Your WiFi router could reveal more than your personal information. The scariest part could be knowing that it can be used for surveillance in places where most people pass by.
Researchers at the Karlsruhe Institute of Technology (KIT) in Germany have found that standard WiFi networks can identify individuals with surprising accuracy using advanced signal analysis and machine learning.
The study suggests that everyday wireless systems may unintentionally expose personal identity patterns, raising concerns about passive surveillance in public spaces.
Beamforming Data Exposes Hidden User Information

The research focuses on WiFi beamforming, a technology introduced with WiFi 5 that improves signal direction by targeting devices more efficiently. To support this process, connected devices send beamforming feedback information (BFI) back to routers.

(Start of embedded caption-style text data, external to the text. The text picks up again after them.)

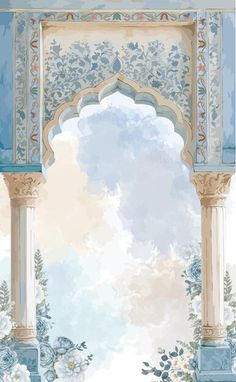 an ornate archway with blue and white flowers on the outside, in front of a cloudy sky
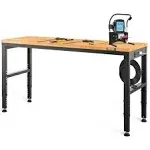 48" W Adjustable Height Wood Top Workbench VEVOR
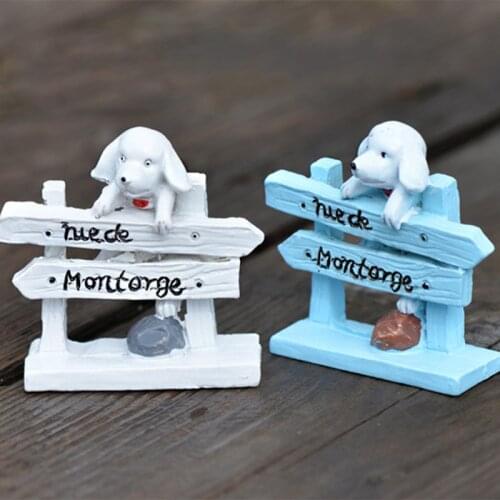1 pc Dog climb Fence Miniature Figurine DIY Accessories Doll House Decoration Fairy Garden cartton animal models girl toy gift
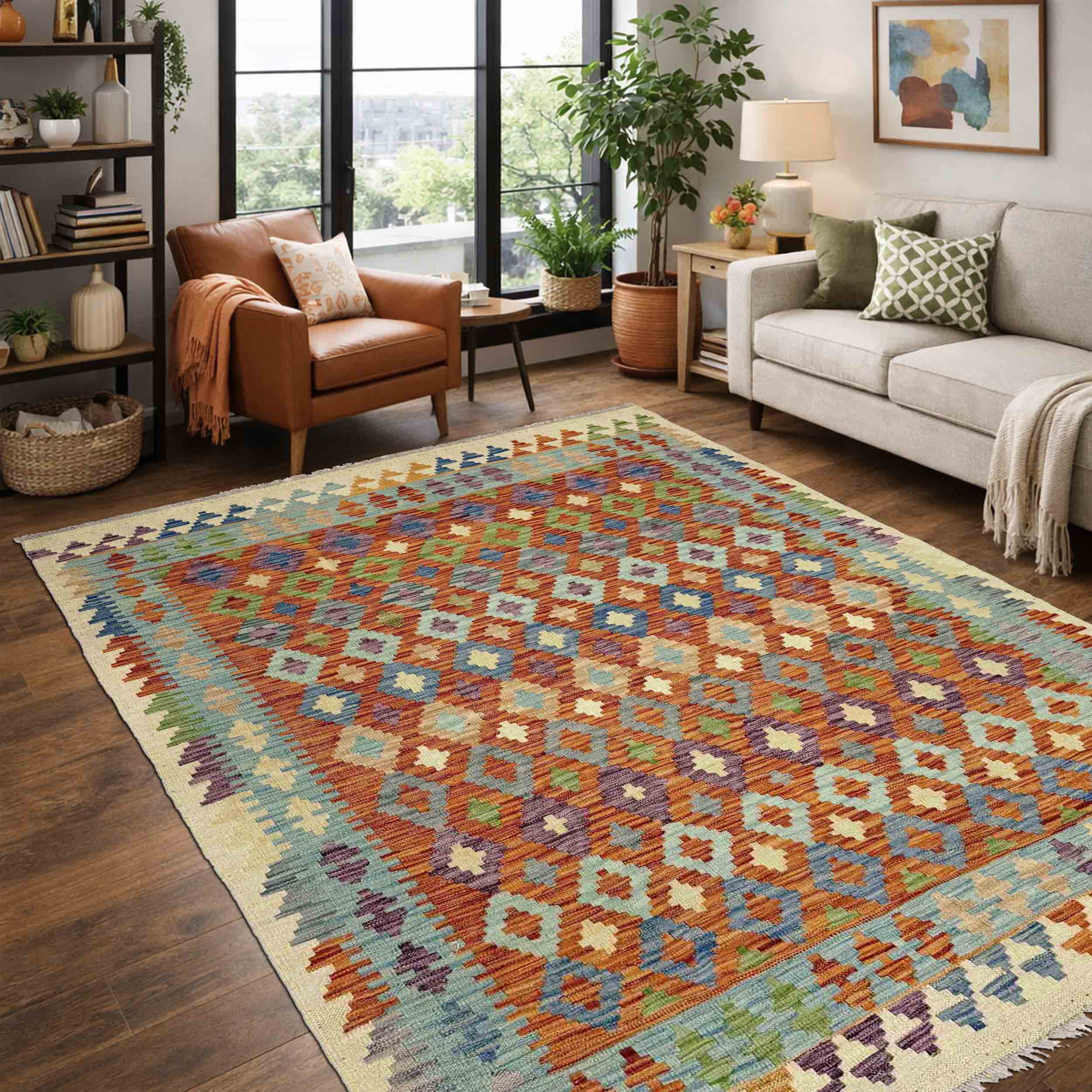 Handmade Turkish Wool Rug – Traditional Kilim Style. – ALLRUGO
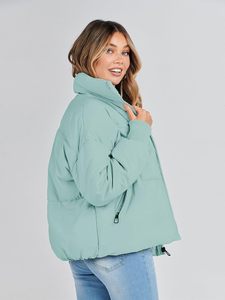 Women Breathable Quilted Puffer Jacket Hooded Full Sleeve Zipper Closure Solid Color <b>Winter</b> <b>Coat</b> Regular Length <b>Thick</b> Polyester - Product Image 5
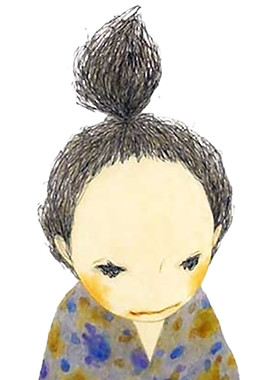 彩绘可爱女孩图案元素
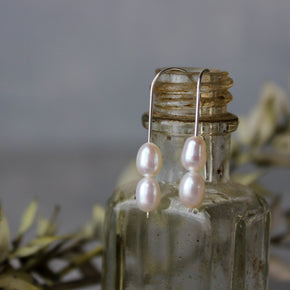 Baroque Pearl Duo Silver Earrings - Tribe Castlemaine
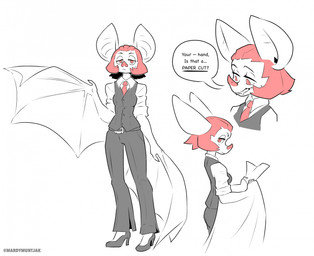 accessory anthro bat_nose belt belt_buckle big_ears buckle clothing collared_shirt dialogue dress_pants dress_shirt fangs female footwear hair high_heels holding_object holding_paper membrane_(anatomy) membranous_wings necktie paper red_eyes red_hair red_necktie red_nose shirt shoes solo speech_bubble teeth text topwear vest white_body winged_arms wings mardymuntjak bat mammal 2026 hi_res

The findings indicate that people can potentially be recognized without actively connecting their devices to a network.
According to the study, this feedback data is often unencrypted and can be accessed and analyzed without specialized hardware or direct network access.
Researchers found that these signal patterns contain unique behavioral markers that can be used to infer identity-related characteristics.
Machine Learning Achieves Near-Perfect Identification
The KIT team trained machine learning models using WiFi data collected from nearly 200 participants walking through a controlled signal environment. The dataset included multiple viewing angles and combined both beamforming feedback information (BFI) and channel state information (CSI).
According to Gizmodo, the results showed that the system achieved an accuracy of up to 99.5% in identifying individuals using BFI data alone.
Even CSI-based methods reached accuracy levels of 82.4%. Once trained, the system could identify individuals within seconds, demonstrating how quickly WiFi-based recognition can operate.
WiFi Sensing Turns Signals Into Behavioral Data
WiFi sensing works by analyzing how radio waves interact with people and objects in an environment. As signals bounce, scatter, and absorb, they create patterns that can be used to reconstruct movement and environmental changes.
KIT professor Thorsten Strufe explained in a press release that the process is similar to how a camera forms an image, except it uses radio waves instead of light. This enables WiFi systems to detect presence, movement, and behavioral patterns without relying on optical sensors.
Privacy Risks and Surveillance Concerns Increase
Researchers warn that WiFi sensing could turn ordinary routers into powerful surveillance tools. Because feedback data is often unencrypted, it may be possible for third parties within range to intercept and analyze it.
Co-author Julian Todt noted that individuals passing through public spaces such as cafés could potentially be tracked and identified over time.
The research team is urging the IEEE to strengthen privacy protections in the upcoming 802.11bf standard, which will govern WiFi sensing technologies. They recommend stronger encryption and stricter controls on feedback data to reduce the risk of misuse.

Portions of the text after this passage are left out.